* Assignment *
Include the line containing "Luxury estate at" and every line after it up to the end of the material below; reproduce them exactly and drop the pictures.

* Given data *
· · · ·

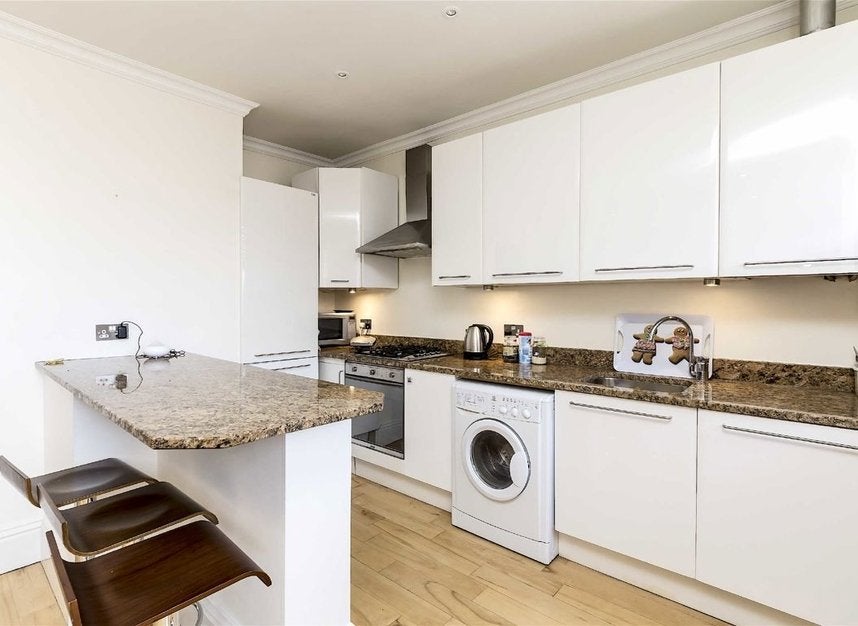 Flat Draycott Place in Greater London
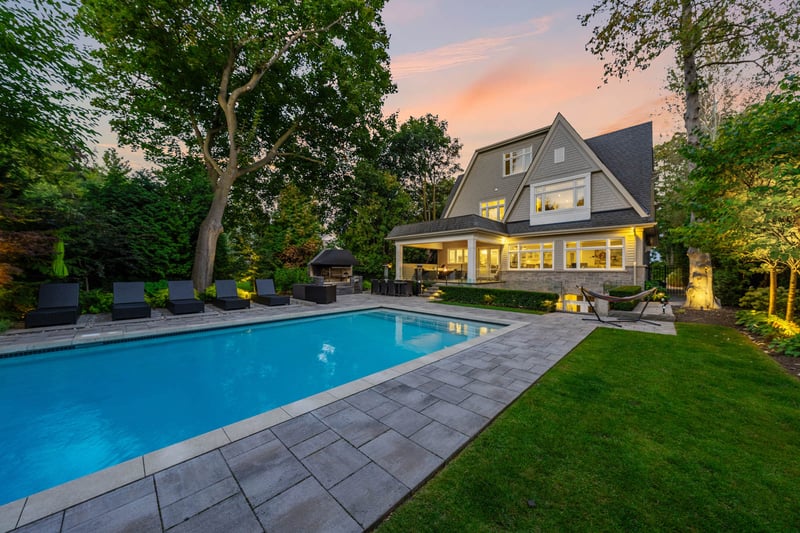 Luxury estate at 3087 Lakeshore Road, Burlington, ON — photo 41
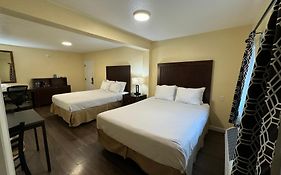 Relax Inn Of Medford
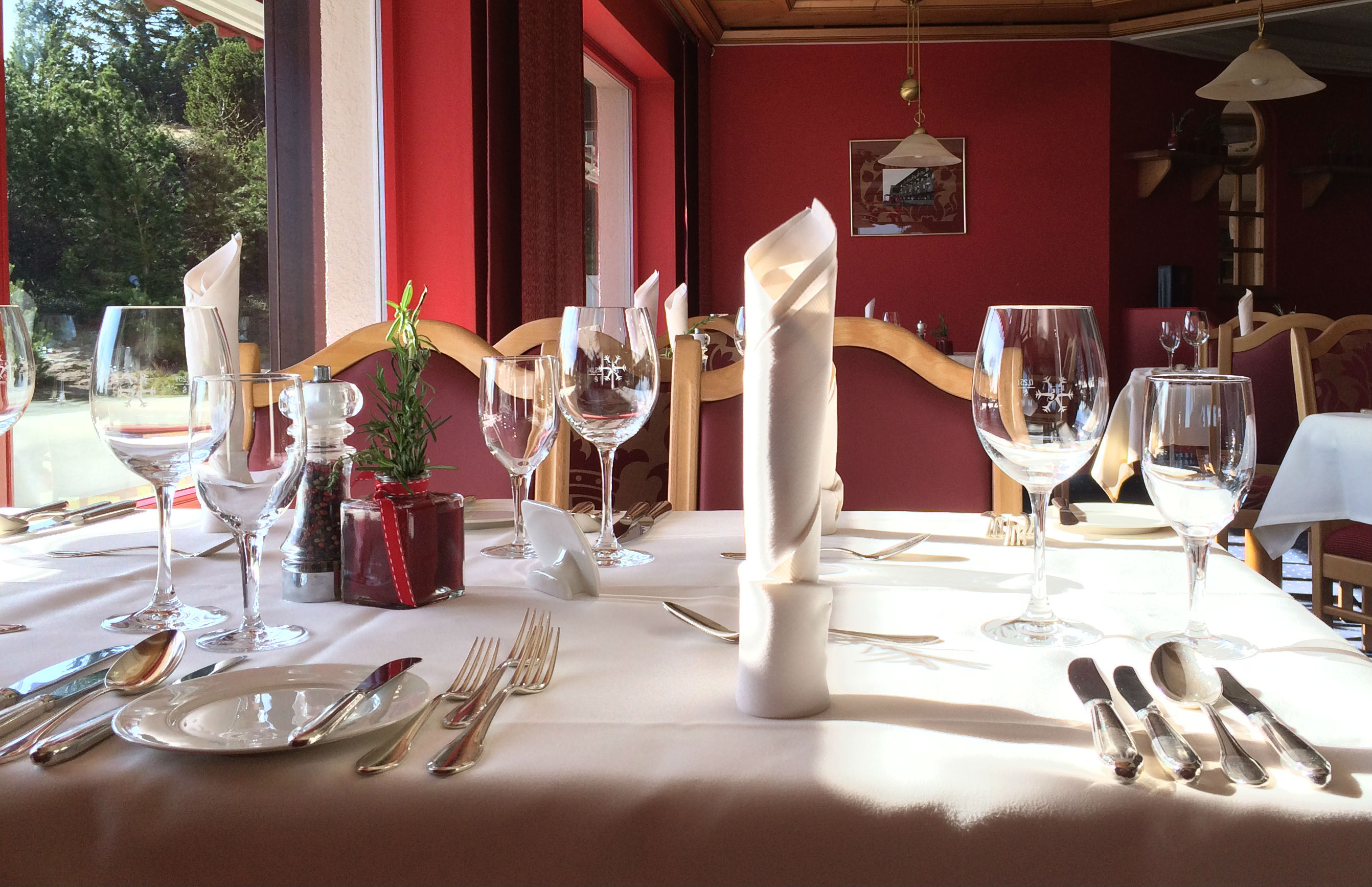 Wellness- & Nationalpark Hotel Schliffkopf in Baiersbronn – Festlich gedeckter Tisch im Restaurant | Wellnesshotel Schwarzwald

· · · ·

* Exercise answer *
 Luxury estate at 3087 Lakeshore Road, Burlington, ON — photo 41
 Relax Inn Of Medford
 Wellness- & Nationalpark Hotel Schliffkopf in Baiersbronn – Festlich gedeckter Tisch im Restaurant | Wellnesshotel Schwarzwald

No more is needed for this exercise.